Some members of Legco's transport panel on Thursday urged the government to relax various restrictions on bus firms, to allow them to bring in other sources of revenue and reduce the need to raise fares.
They were speaking on RTHK, a day after the government revealed that the city's franchised bus operators have applied for fare increases of around 10 to 20 percent.
"All our public transport systems have been facing operational difficulties and I've pointed that out many times at the Legislative Council," said Frankie Yick, who heads the panel and represents the transport sector.
"The decline in patronage has been caused by several reasons, first, our population shrank, bad economy and people go out less, but let's not forget one important reason: that is, we don't really have any tourists coming to Hong Kong," he added.

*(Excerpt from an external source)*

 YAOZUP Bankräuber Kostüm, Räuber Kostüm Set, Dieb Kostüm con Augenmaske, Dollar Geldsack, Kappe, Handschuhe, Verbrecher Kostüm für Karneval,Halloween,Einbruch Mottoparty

The Liberal Party lawmaker also pointed out that operating costs have been rising as the firms suffer from manpower shortages and surging fuel prices.
Yick suggested that bus operators be allowed to rent out space at public interchanges to tuck shops, expand the areas on buses where advertisements are permitted, and use their depots for commercial purposes.
"We've been telling the government maybe it should do more to help these operators bring in non-fare income," he said.
Another member of the transport panel, Ben Chan, agreed.
"The degree of [proposed] hikes this time is higher than my expectations," said Chan during the same programme. " I hope the government will be mindful of the people's affordability when vetting the applications."
The DAB lawmaker also called on the authorities to extend a fuel subsidy for bus operators - something the government has declined to do, citing improving passenger figures.